Task instructions: The task calls for an exact retyping of the lines from the one holding "BTFL Vondra Stripe" through the end of the listing, with pictures omitted and nothing added.
Supplied material START
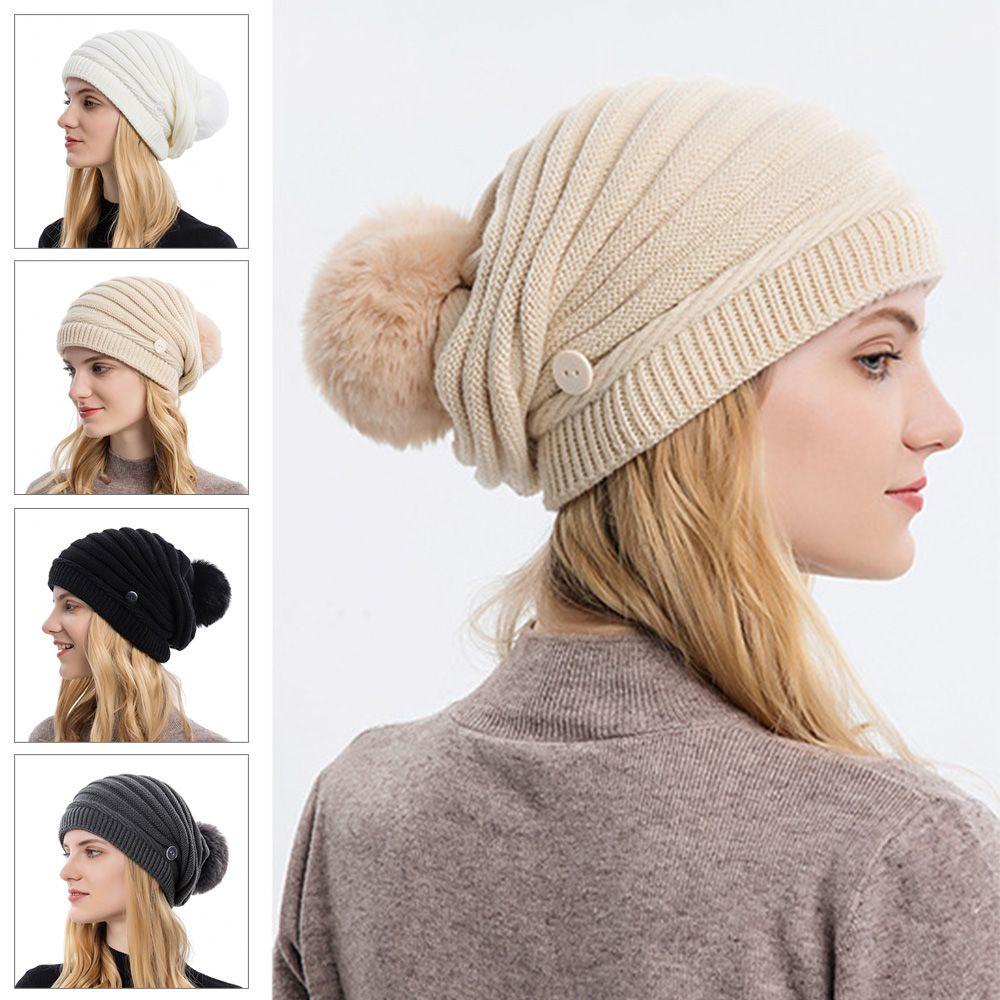 Yve Mũ Beanie Dệt Kim Co Giãn Màu Trơn Thời Trang Cho Nam / Nữ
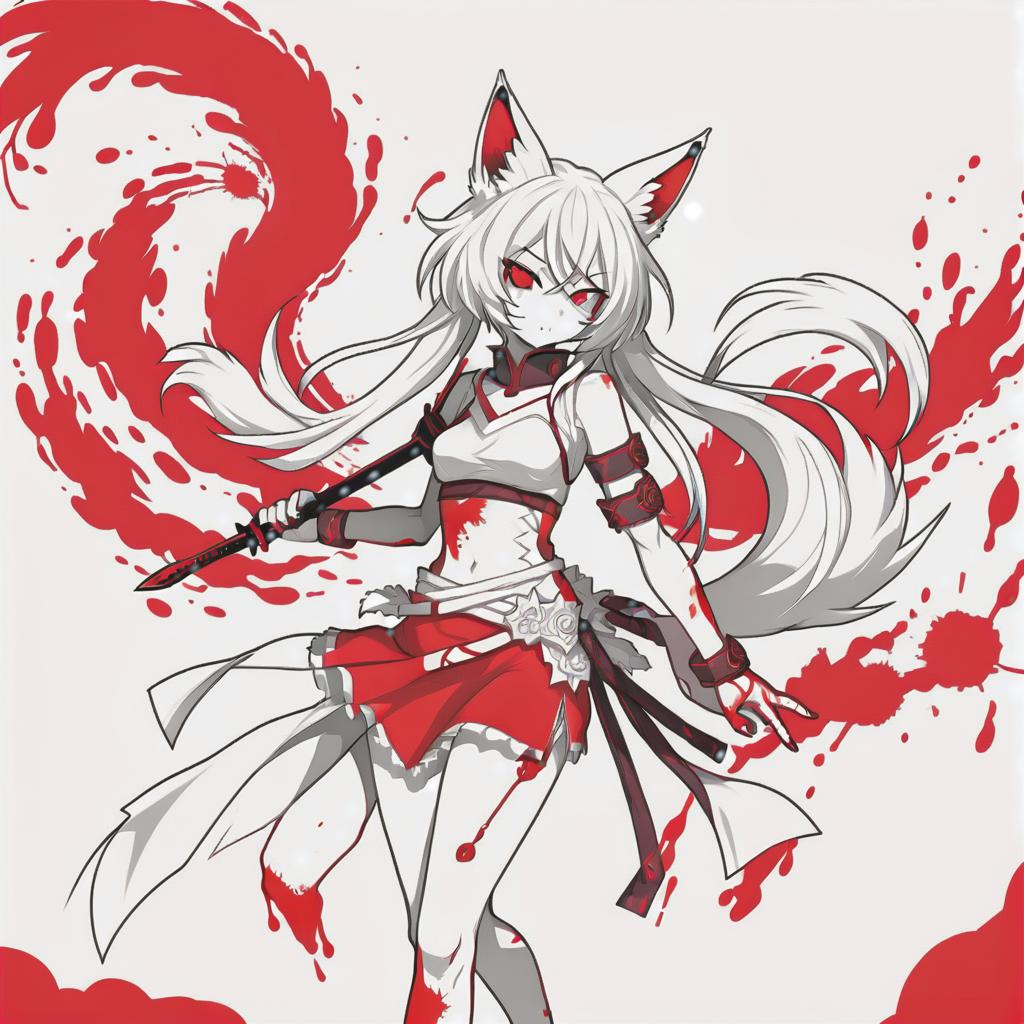  line art drawing wounded blood kitsune girl, battle stance, same nightmare. anime style . professional, sleek, modern, minimalist, graphic, line art, vector graphics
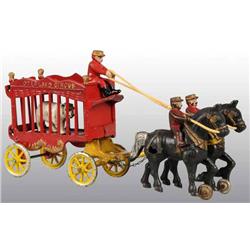 Cast Iron Kenton Circus Cage Wagon Toy.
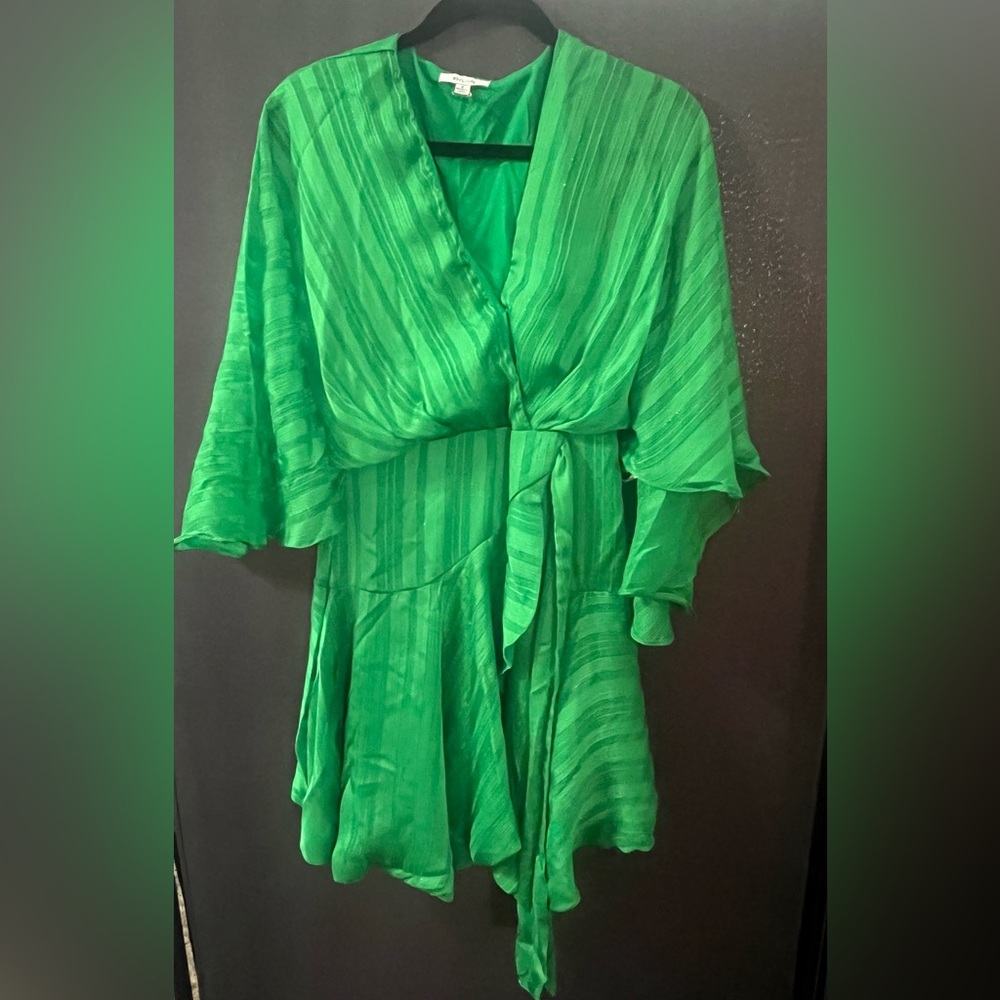 BTFL Vondra Stripe Jacquard Long Sleeve Satin mini dress Size S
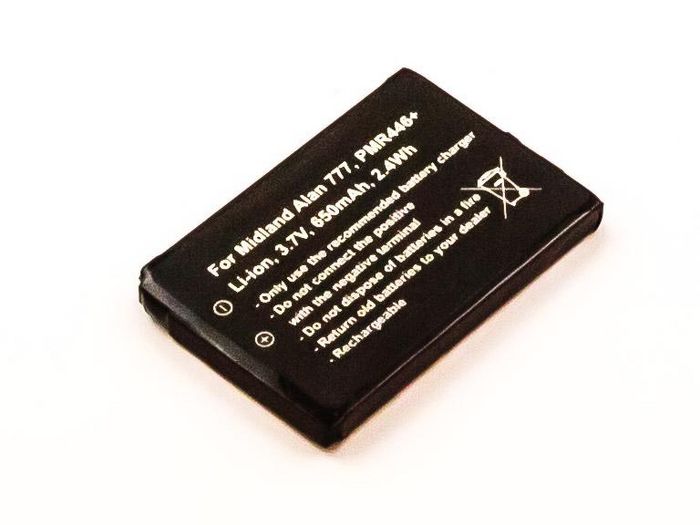 CoreParts Battery for Two Way Radio 2.4Wh Li-ion 3.7V 650mAh - W124462999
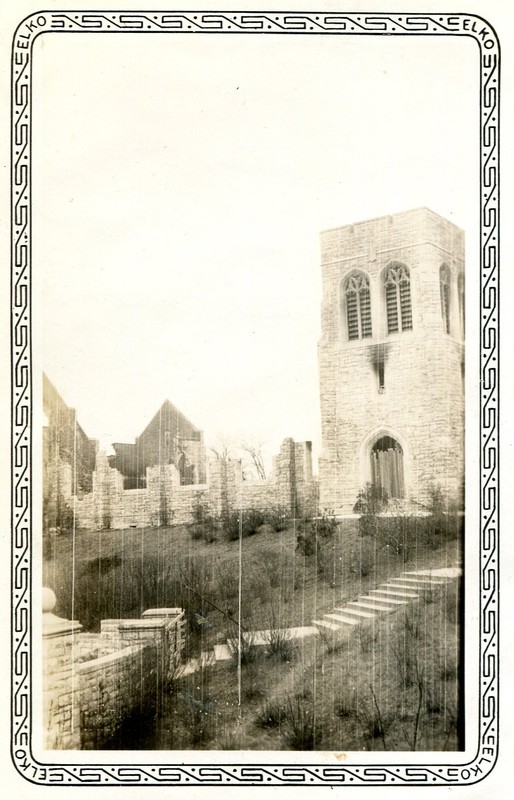 Graham Tyler Chapel under construction in 1938 after fire of 1937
Supplied material END
Answer area:
 BTFL Vondra Stripe Jacquard Long Sleeve Satin mini dress Size S
 CoreParts Battery for Two Way Radio 2.4Wh Li-ion 3.7V 650mAh - W124462999
 Graham Tyler Chapel under construction in 1938 after fire of 1937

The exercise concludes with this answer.